NINJA
Accelerated engagement to deploy NINJA for Neighbor-Joining trees with large data sets.
The contact for this project is Travis Wheeler
- 1 NINJA
- 2 Requirements
- 3 Notes
- 4 Draft plan
NINJA
Implementation of Neighbor-Joining algorithm.
Written in Java, no major external dependencies.
Can do a 220K species tree in six days on one CPU, 2Gbytes RAM
Test case was 16s rRNA gene sequence data set, the same one as FASTTREE
NINJA offers the full Neighbor Joining method but is optimized for large data sets.
Employs filtering steps to minimize the number of pair-wise comparisons required for each iteration.
Relies on file I/O for externalization (ie query-optimized serialization) of data structures to free up RAM.
Uses external application (FASTTREE) to pre-process sequence data into a distance matrix. The file I/O involved is non-trivial.
Requirements
Completion of the software by adding sequence pre-processing (distance matrix calculation)
Benchmarking/testing on large data sets
What is really wanted is to port the algorithm to C or C++ and make parallelizable
Notes
Travis thinks the code is written in such a way that it could be easily ported to C. There are no serious external dependencies.
Is reliance on disk I/O to free up memory is a potential problem for large-scale parallel computing?
(edit from Travis: I don't believe this will be an impediment to parallelization, as the data structures are well suited to being handled in a distributed fashion. The core difficulty will be in setting those structures up in the first place ... which I think won't be terribly challenging)

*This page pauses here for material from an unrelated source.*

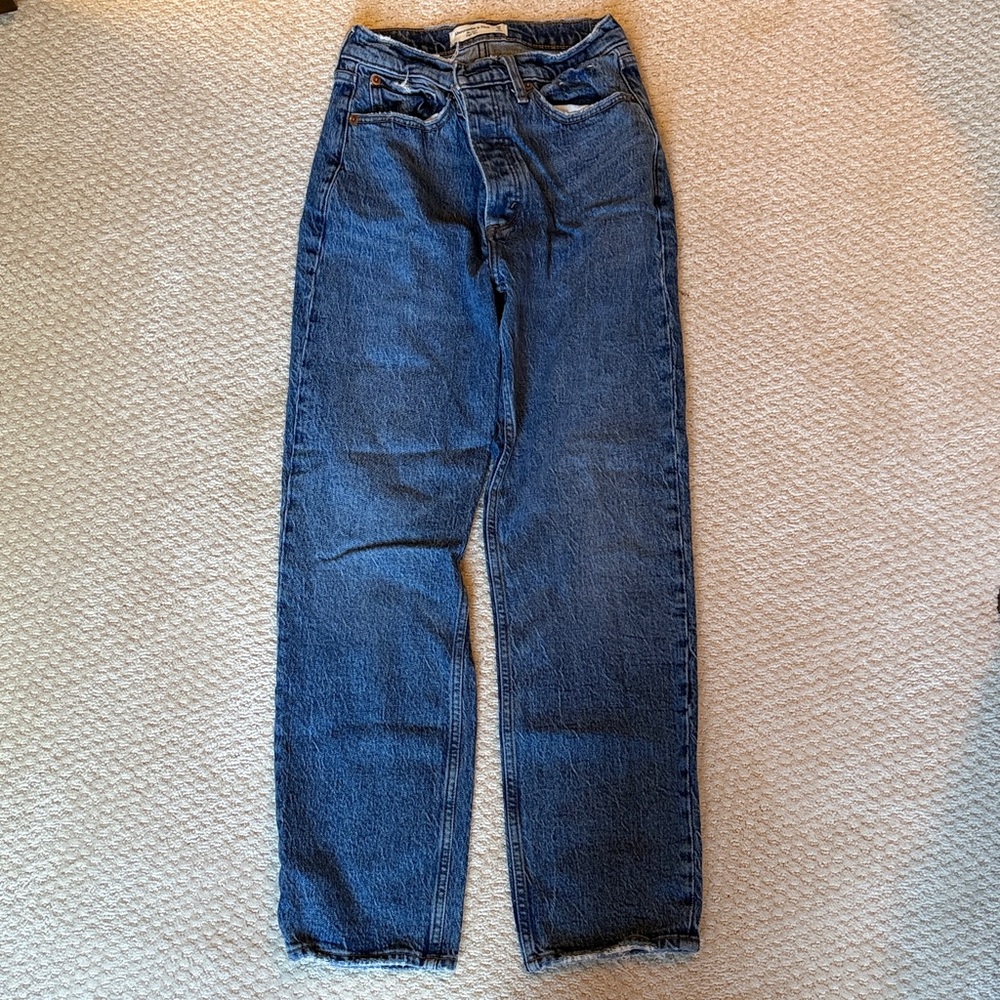 Abercrombie & Fitch the dad High Rise Blue Jeans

Calculation of pair-wise distance matrix could be parallelized without too much pain, perl wrapper (for example) for matrix assembly would be the most challenging part, but not that hard.
(edit from Travis: I'd propose that distance computation should be done internal to NINJA, to avoid the I/O overhead of writing the distance matrix out to disk, then reading it back in for tree construction. To give a sense of scale, for 200,000 sequences, that distance matrix stored in an ascii file will require a file larger than 200GB)

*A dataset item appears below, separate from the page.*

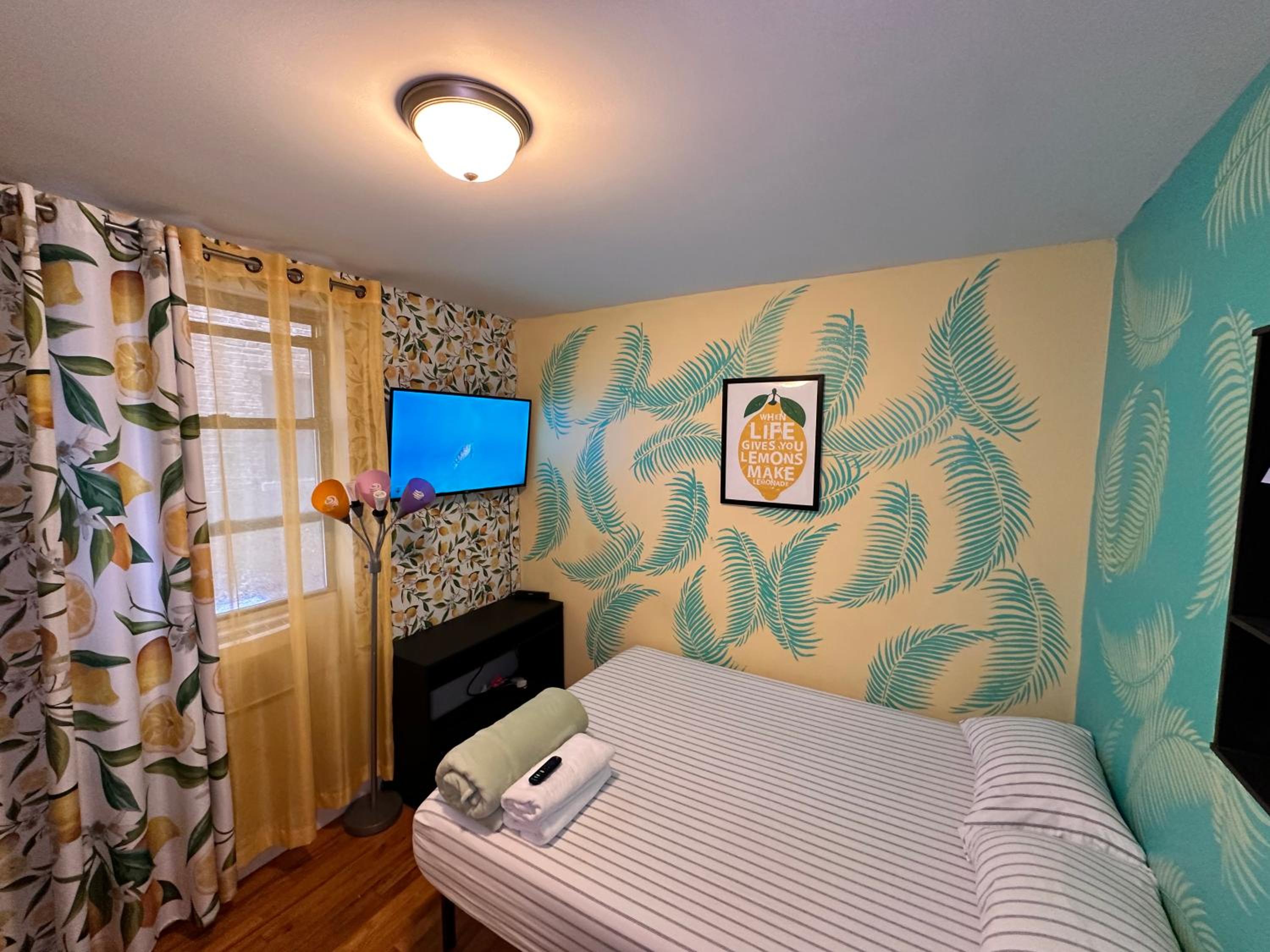 Double Room with Shared Bathroom photo 1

Travis Wheeler is available to convey domain knowledge and design input but does not have time to be directly involved in coding
(edit from Travis: I'm able to do some coding, just not most of it)
Cubic growth in run-time predicts a doubling of the data set (to 440K) would require approx ~~40 days on one CPU
That would be challenging for parameter tweaking
No explicit policy for missing data
Would be best to use the same sequence data as RaXML.
Draft plan
Phase 1
1) port NINJA from Java to C/C++
probably C++ as the binheaps used in the Java version are also in STL in C++
2) import distance matrix calculation functionality
3) test/benchmark C++ vs. Java implementation
Phase 2
scale-up and parallelization
note: Travis has posted a page with ideas/suggestions for the details of parallelization.